▶ _Excerpted records_:
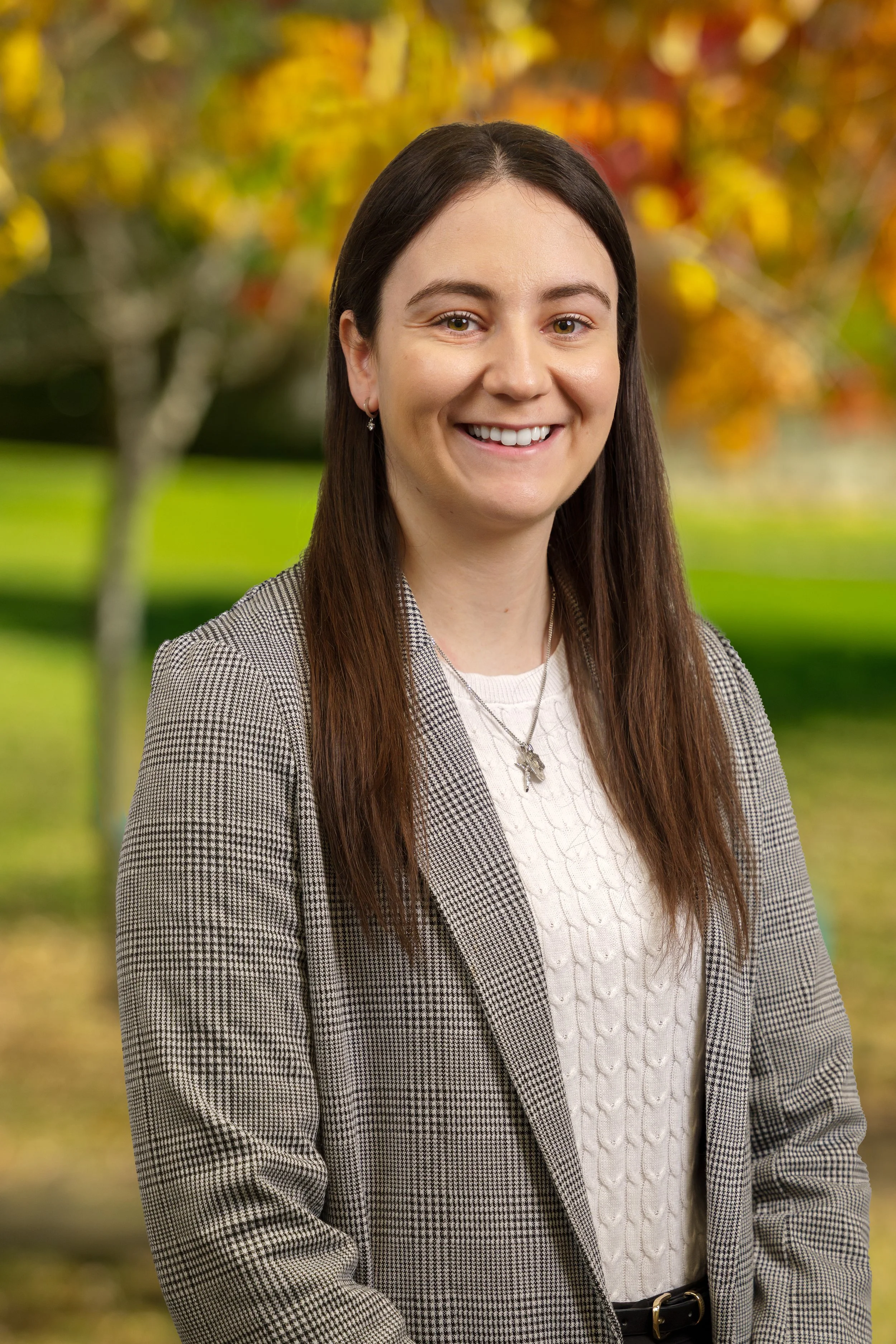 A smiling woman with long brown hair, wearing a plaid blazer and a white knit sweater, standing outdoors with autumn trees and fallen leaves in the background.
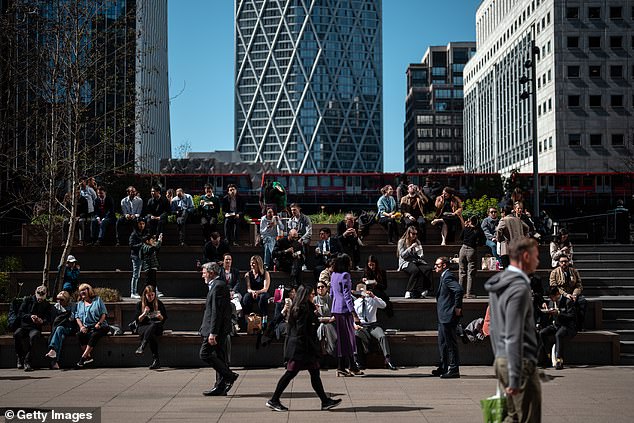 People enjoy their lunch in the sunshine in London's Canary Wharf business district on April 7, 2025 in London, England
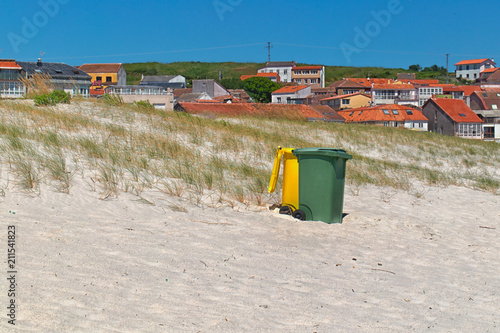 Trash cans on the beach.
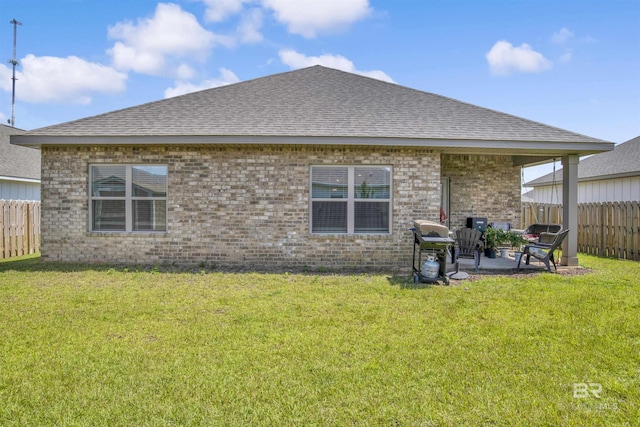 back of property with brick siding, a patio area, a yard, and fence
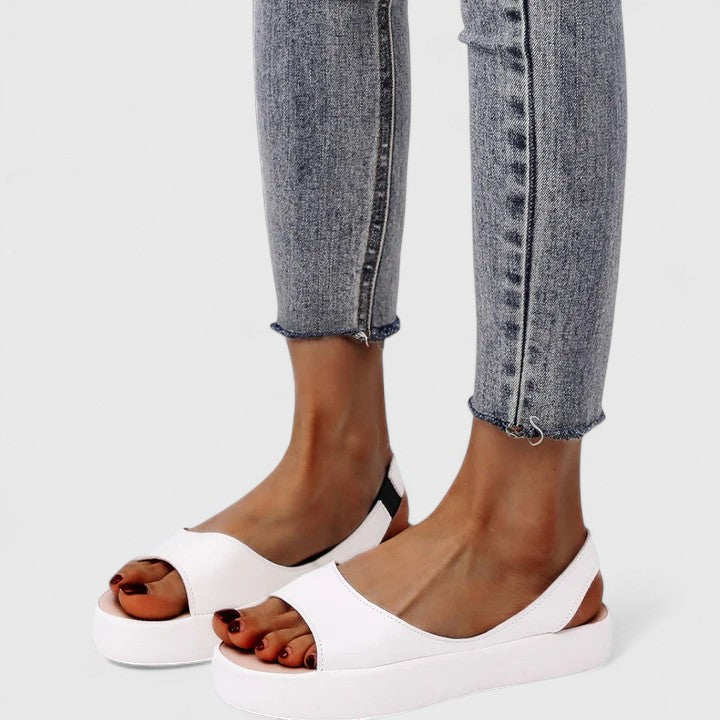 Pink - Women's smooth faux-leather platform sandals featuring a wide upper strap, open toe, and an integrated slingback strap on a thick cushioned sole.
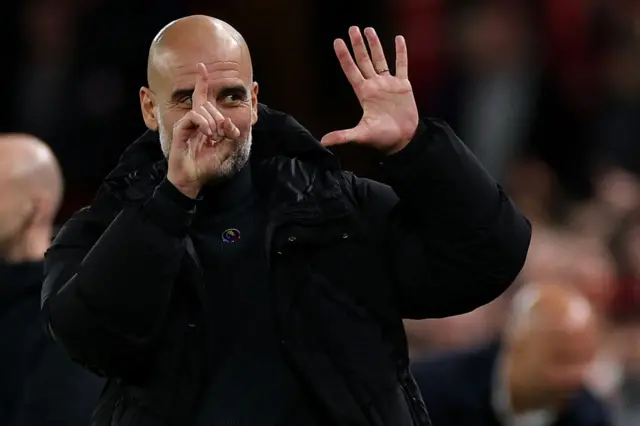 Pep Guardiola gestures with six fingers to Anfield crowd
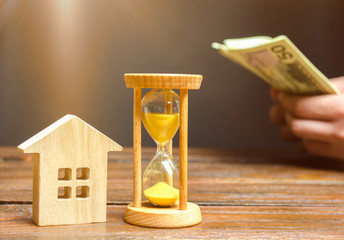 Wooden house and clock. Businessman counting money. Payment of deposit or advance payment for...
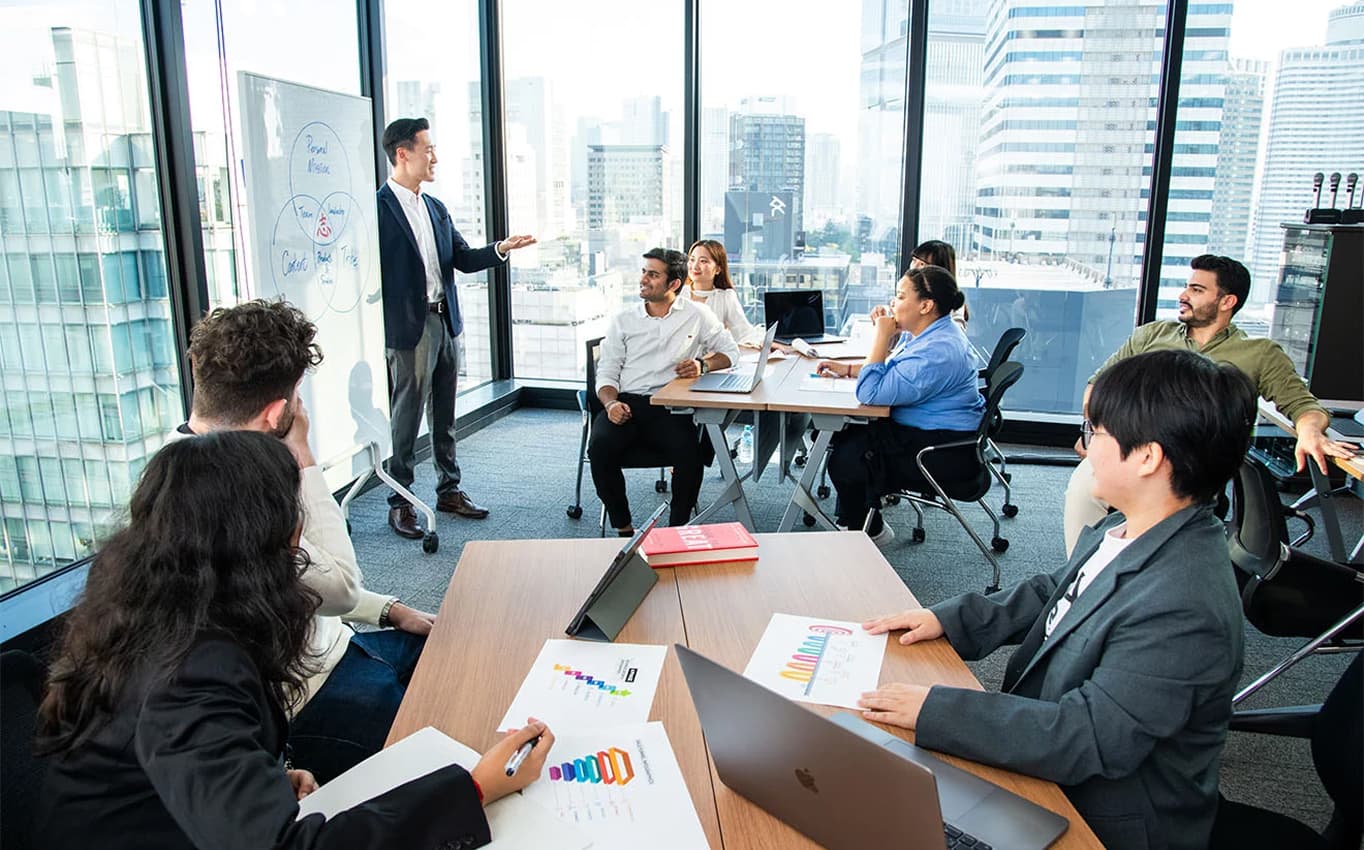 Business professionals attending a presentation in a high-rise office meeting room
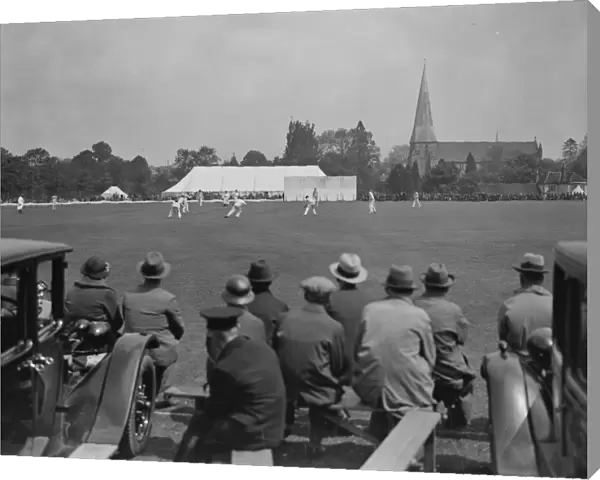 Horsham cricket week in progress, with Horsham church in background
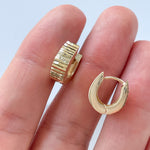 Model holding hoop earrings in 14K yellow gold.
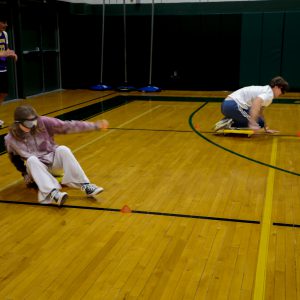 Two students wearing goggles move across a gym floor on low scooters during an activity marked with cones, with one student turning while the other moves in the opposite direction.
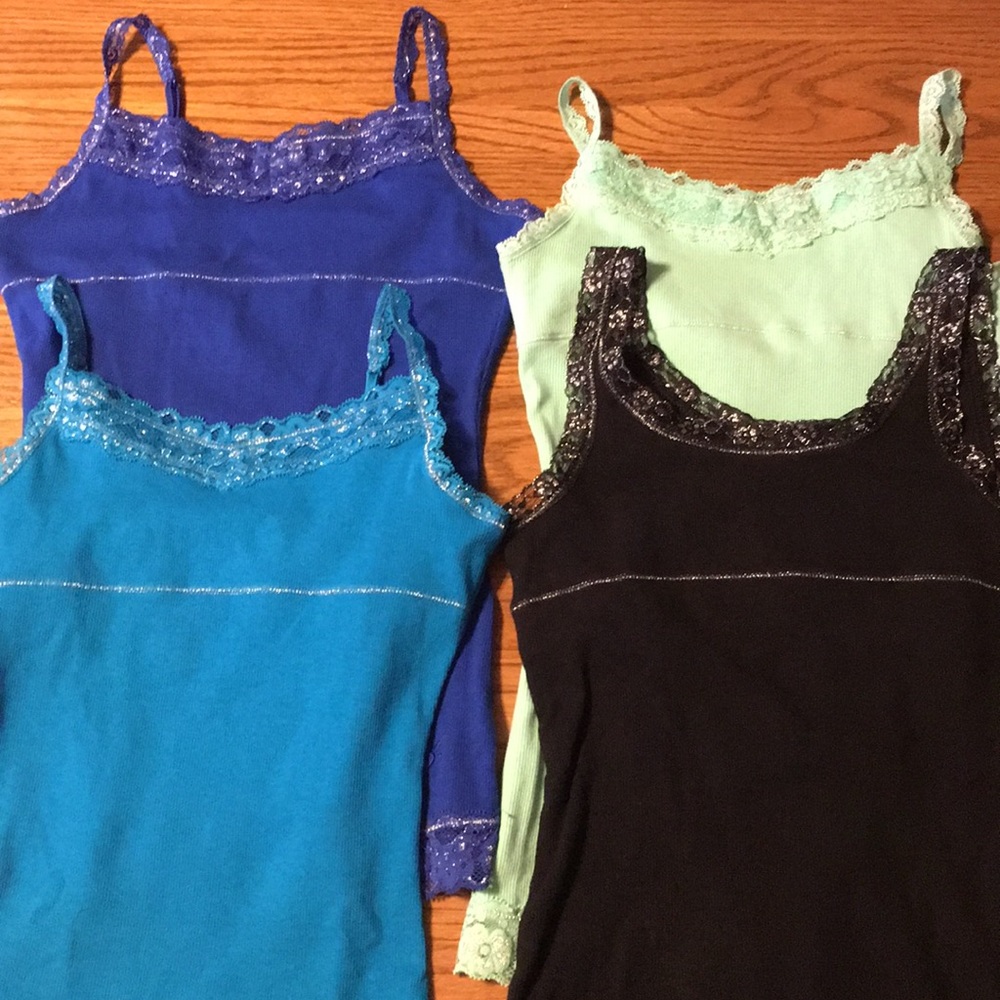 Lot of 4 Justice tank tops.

▶ _What this task involves_: Leave out the pictures, and write out exactly the lines from the one containing "Wooden house and" through the last line of the listing, both included.

▶ _Answer section_:
 Wooden house and clock. Businessman counting money. Payment of deposit or advance payment for...
 Business professionals attending a presentation in a high-rise office meeting room
 Horsham cricket week in progress, with Horsham church in background
 Model holding hoop earrings in 14K yellow gold.
 Two students wearing goggles move across a gym floor on low scooters during an activity marked with cones, with one student turning while the other moves in the opposite direction.
 Lot of 4 Justice tank tops.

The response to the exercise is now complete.